Epson is at IFA 2022 showcasing its new features, including a new ultra-short throw (UST) 3LCD projector that appears to be a major upgrade over the company’s previous UST model.
The EH-LS800B comes in either a black or white finish and is currently listed on Epson’s UK website for £3,699 (about $3,800) with an expected delivery date in November. It has a Yamaha designed 2 x 20 watt integrated audio system and runs Android TV operating system for video streaming.
Epson’s new UST can transmit an 80-inch diagonal image when placed just 2.3 cm away from a wall or screen, and has a maximum image size of 150 inches. Brightness is specified at 4,000 lumens – a remarkably high amount for a home theater projector. The EH-LS800B uses a laser light source and, according to Epson, features “4K Enhancement Technology that shifts each pixel diagonally to twice Full HD resolution.”

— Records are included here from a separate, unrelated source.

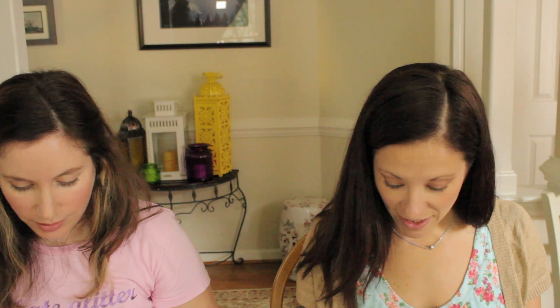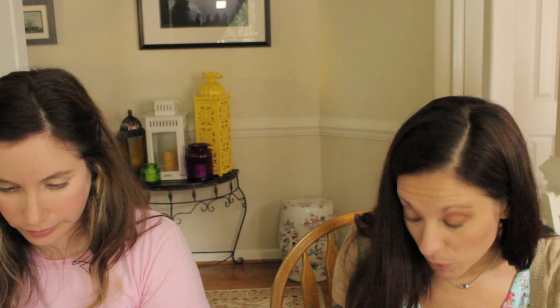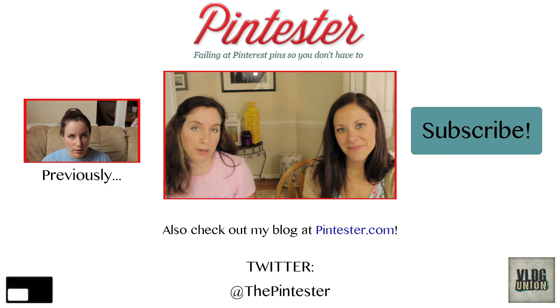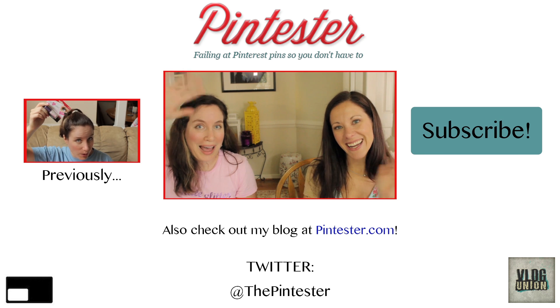I would call this a smashing success. I think it's pretty successful. I might even seal it in with a top coat. That's commitment right there. Thanks Amy for coming to help me today. Thank you for letting me — that was awesome. Hit the subscribe button if you want to see some more stuff from me. Thanks everybody, I'll see you next time. Bye.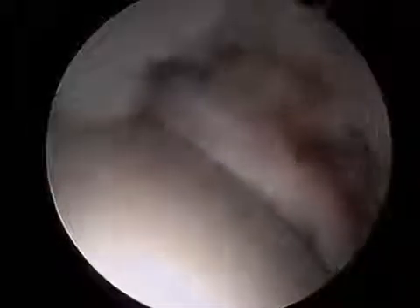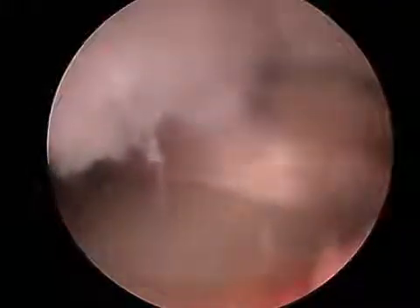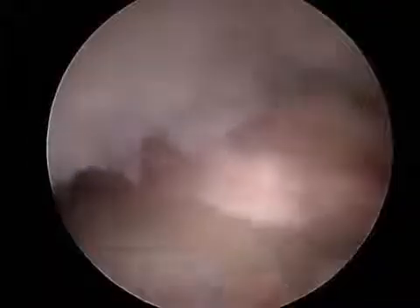This is a patient in whom I've already performed a labral repair. You can see the blue sutures in the labrum at the top of the screen. At the bottom of the screen is the femoral head engaging into the acetabulum. There's a bump on the head which displaces the labrum as the hip is moved through range of motion while I'm looking at it with the camera.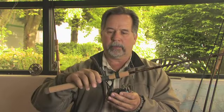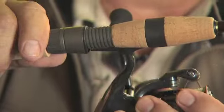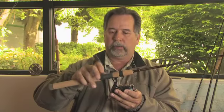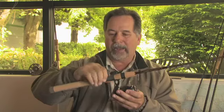Another point about rod assembly: when assembling your reel to the rod and you lock the hood and the locking ring first, that first tightening is not quite enough.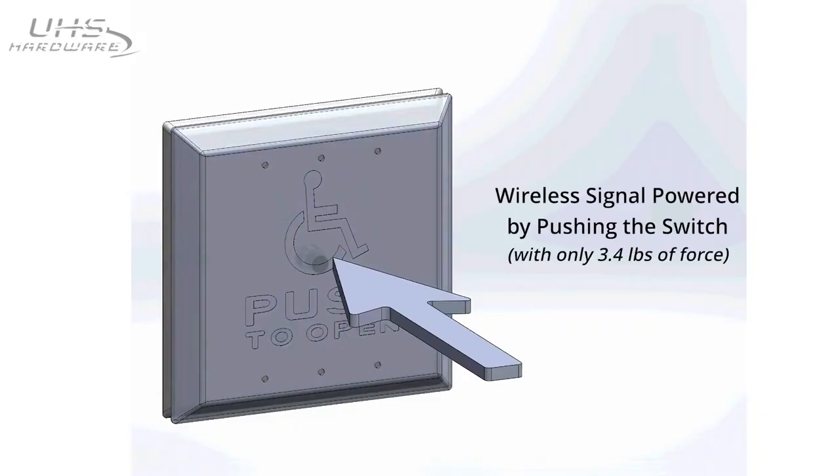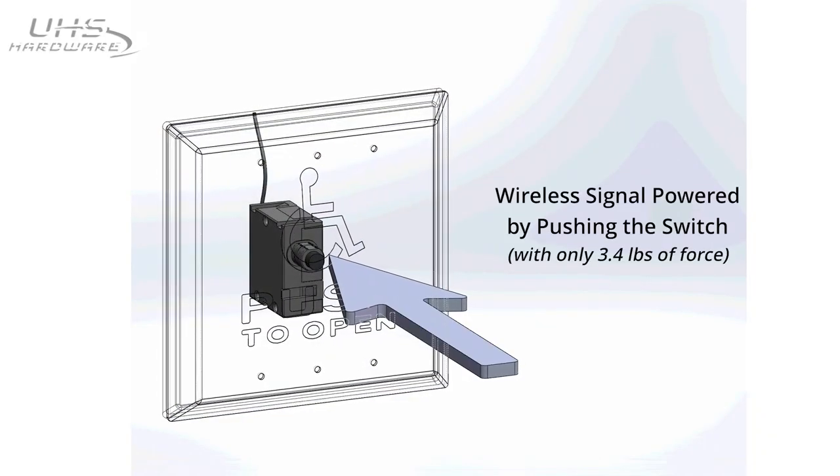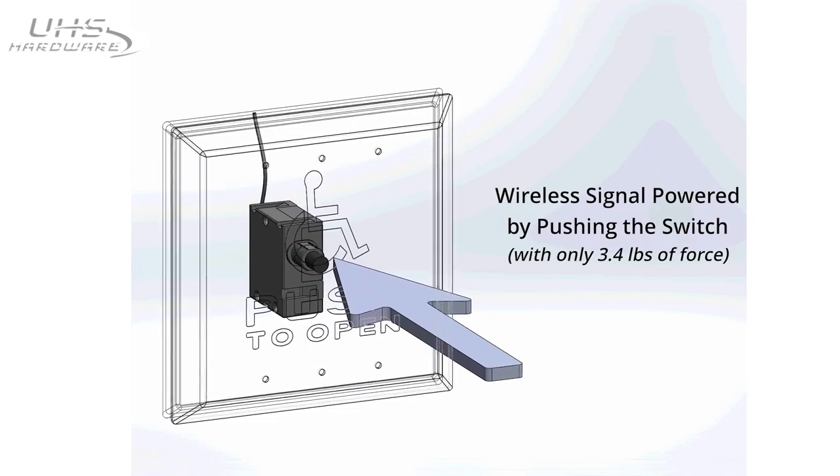Thank you for joining me today to talk about the Kinetic no-battery wireless system — specifically the transmitter. Our goal in developing this product was to bring out a product that did not require a battery. It's self-generating: as you press the switch, it generates a small microburst of energy, enough to power the transmitter and send the signal to the receiver.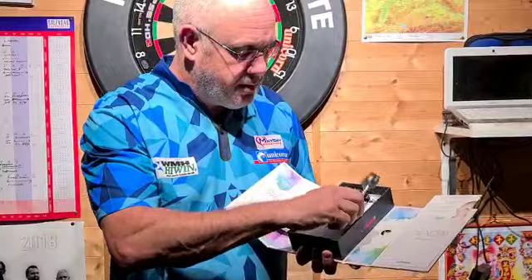If we get the darts out, I've had a throw with these and the grip is very strong on there. It controls the dart when you're letting go. I'm throwing with them quite straight.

3 HDMI inputs are provided, including one with eARC. One such input is a “special” HDMI port that bypasses the projector’s video processing circuitry to allow for sub-20ms latency while gaming, according to an Epson representative I spoke to at IFA.
One really cool feature that I got a demo was Epson’s iProjection app. Ultra-short throw projectors are notoriously annoying to set up and align your image with a screen. But the Epson app takes the pain out of that process by using the camera on your smartphone to capture an image of the projected image during setup and then working with the projector to correct the alignment. From what I’ve seen, it was simple and quick, and easily preferable to leveling the projector’s feet on whatever surface it’s placed on.
Ultra-short-throw projectors: brightness matters and so does sound
Ultra-short throw projectors are designed to be placed in living room environments with a relatively high level of ambient light. Screens with a special coating can help reduce the impact of ambient light on UST models, but the higher the light output, the greater the chance of getting an image with good contrast and rich colors.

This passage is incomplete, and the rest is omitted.